■ What to work on ■
A verbatim transcription of the listing below is required, without its pictures.

■ Recorded data ■
------

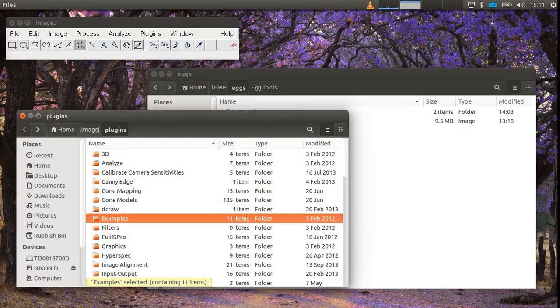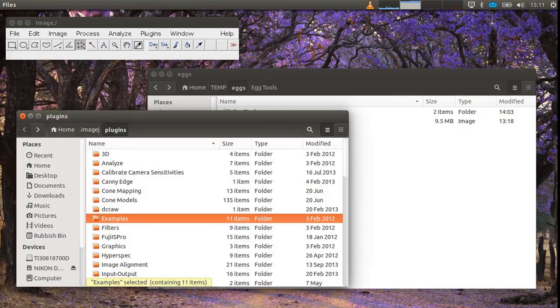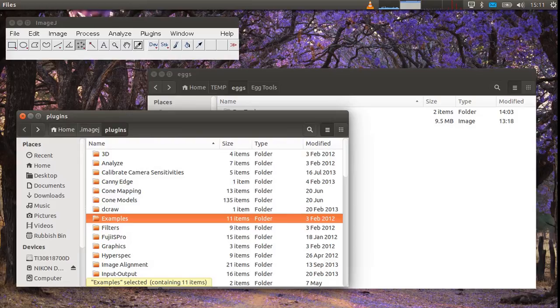In Linux your ImageJ plugins directory will be somewhere like this, home imagej plugins. In Windows it will be in program files imagej plugins.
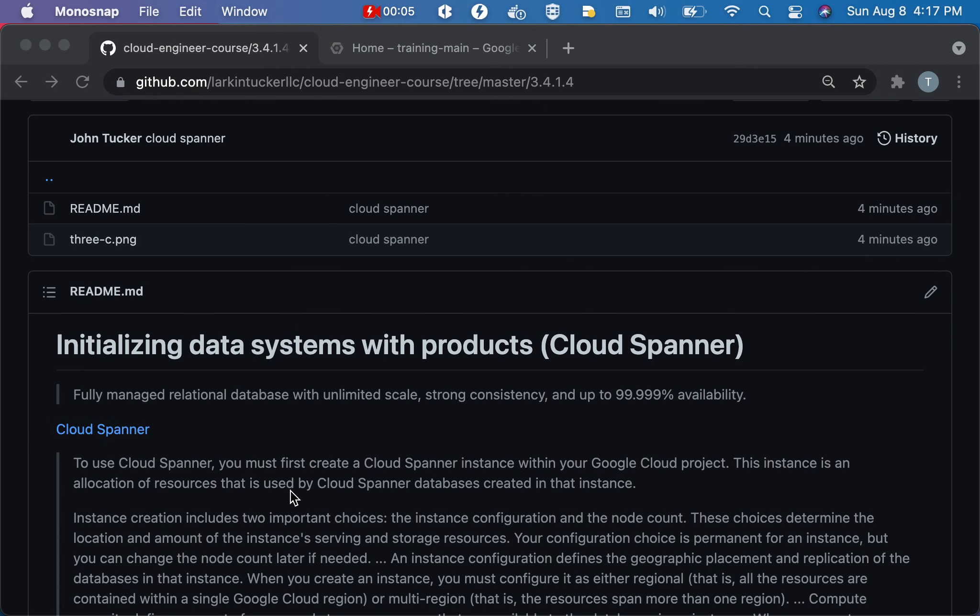Hello, welcome to the section entitled Initializing Data Systems with Products and this is Cloud Spanner.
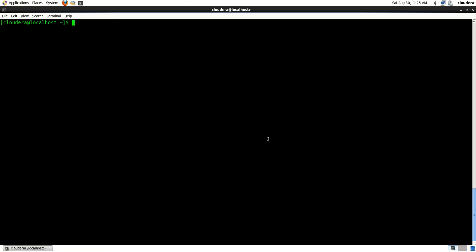Today we are going to see how to install MongoDB on CentOS or Red Hat version of Linux using yum repositories. Here I am on my CentOS box and I'm going to login as root with su root.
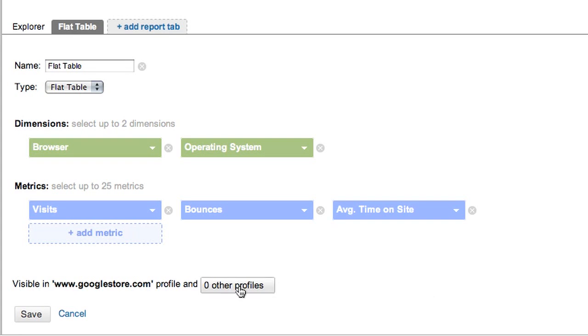Finally, we'll select the profiles in which we want the report to be available. The report will automatically be available in the profile in which you're working, plus any additional profiles you select. Then we'll save the report.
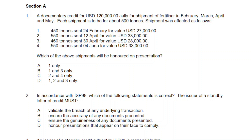First question. A documentary credit for US dollars 120,000 calls for shipment of fertilizer in February, March, April and May — so for four months, ideally per month around 30,000 US dollars. Each shipment is to be for about 500 tons. Remember Article 30 and what they mentioned regarding the usage of the word 'about' before quantity — the 10% more or less tolerance.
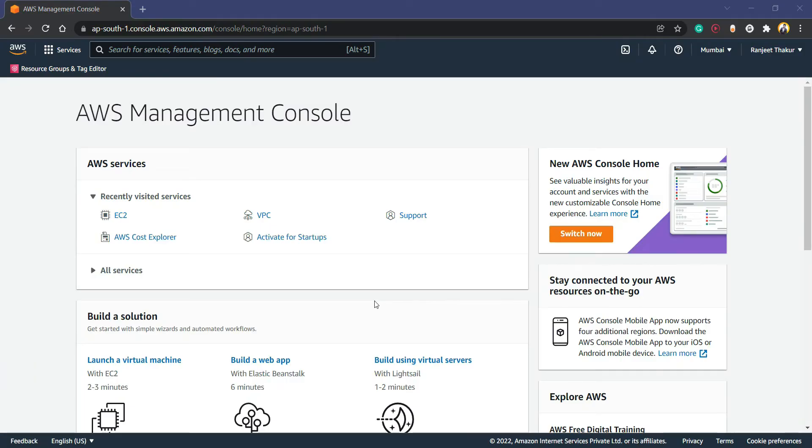Hello guys, welcome back again with a new video. In this video we are going to configure a web server, but now we are going to use Nginx. So let's start the video on how to configure Nginx web server on AWS AMI image.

------

■ Exercise answer ■
In Linux your ImageJ plugins directory will be somewhere like this, home imagej plugins. In Windows it will be in program files imagej plugins.
Hello, welcome to the section entitled Initializing Data Systems with Products and this is Cloud Spanner.
Today we are going to see how to install MongoDB on CentOS or Red Hat version of Linux using yum repositories. Here I am on my CentOS box and I'm going to login as root with su root.
Finally, we'll select the profiles in which we want the report to be available. The report will automatically be available in the profile in which you're working, plus any additional profiles you select. Then we'll save the report.
First question. A documentary credit for US dollars 120,000 calls for shipment of fertilizer in February, March, April and May — so for four months, ideally per month around 30,000 US dollars. Each shipment is to be for about 500 tons. Remember Article 30 and what they mentioned regarding the usage of the word 'about' before quantity — the 10% more or less tolerance.
Hello guys, welcome back again with a new video. In this video we are going to configure a web server, but now we are going to use Nginx. So let's start the video on how to configure Nginx web server on AWS AMI image.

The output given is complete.